The following were among the most prominent clergymen of the diocese during this period:--The Rev. Jasper Hume Nicolls, D.D., nephew and son-in-law of Bishop George Mountain, sometime Michel Fellow of Queen's College, Oxford, and thirty-two years Principal of Bishop's College, Lennoxville, a [68/69] fine scholar, a natural teacher, and a man of singularly pure and unselfish life. Best of all his benefits to the Canadian Church was that he impressed, in the case of all who could receive it, the stamp of his own truthful and single-minded character upon the many generations of young men whom he trained for the sacred ministry; and left to the College which he organized and presided over so long, the invaluable tradition of what a true Church of England man ought to be.

He was followed in this position by the Rev. Joseph A. Lobley, D.C.L., a distinguished graduate of Cambridge, whose brilliant abilities, sound judgment, and splendid gifts of teaching and discipline won for him the confidence of all good men, and the affectionate regard of all who knew him personally. After twelve years of the most excellent scholastic work in Canada, he returned to England, where he soon after died suddenly of heart-failure. Never was there a nobler or a more unselfish spirit, or a more fruitful ministry and life.
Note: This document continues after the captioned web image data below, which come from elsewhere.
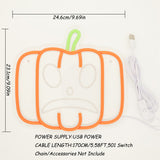 TONGER® Pumpkin Wall LED Neon Sign Light For Halloween Decoration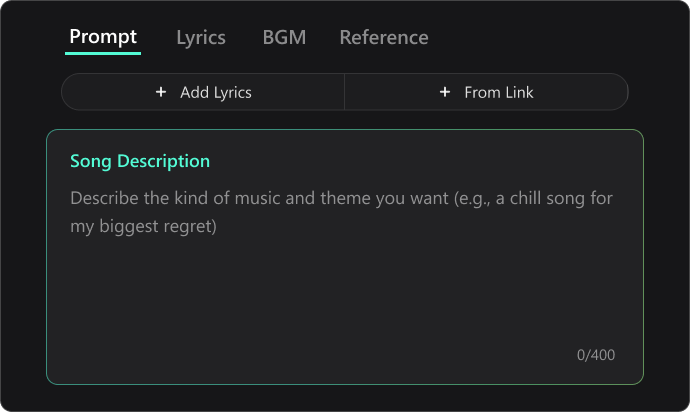 Prompt eingeben oder Songtexte einfügen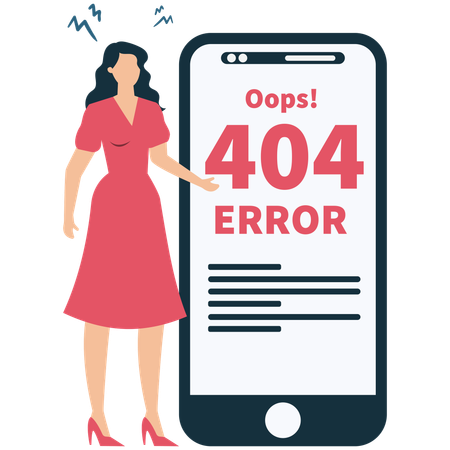 Woman standing next to a mobile phone with  404 error message  Illustration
What the Church of Canada owes to the Mountain family is beyond words to tell. The two Bishops Mountain and Jasper Nicolls have been mentioned. In no respect falling short of the best of them in self-denial and devotion to the souls of men, was Armine W. Mountain, Bishop George Mountain's eldest son. Upon the whole of his life was ever the unmistakable stamp of saintliness. His ministry was nearly equally divided between Canada and England, the first twenty years being given to the city of Quebec. There the extreme self-denial of his life and his consuming zeal in his ministry put to shame the lives of ordinary earnest men. After seven years labour in the district of St. Matthew's, he organized the parish of St. Michael outside the city, built its beautiful church, parsonage, and [69/70] schools, and laboured in it for twelve years so as to make it a model of what a country parish ought to be. The rest of his life he spent at St. Mary's, Stoney Stratford, where at length, worn out with his too zealous labours, added to his ascetic life, he died. His body rests by his saintly father's side in his own parish of St. Michael.

"The diocese of Quebec, however," writes one who is competent to speak, "is more indebted than to any other man after its Bishops for its progress and prosperity, its unity and peace, to the twenty-seven years of loving and devoted service of Charles Hamilton, now Bishop of Niagara. To him it owes the splendid success of its renowned financial organization the Diocesan Board; to him mainly the development out of its deep poverty of a multiform endowment which puts the Diocese for all time beyond the fear of financial collapse; but most of all influential upon the whole Diocese has been the admirable organization of St. Matthew's parish, and his loving ministry there for so many years. What ought not the Church of Quebec to be, with a ministry extending over three-quarters of a century before its eyes of three such men as George Jehoshaphat Mountain, Armine Mountain his son, and the beloved Charles Hamilton?"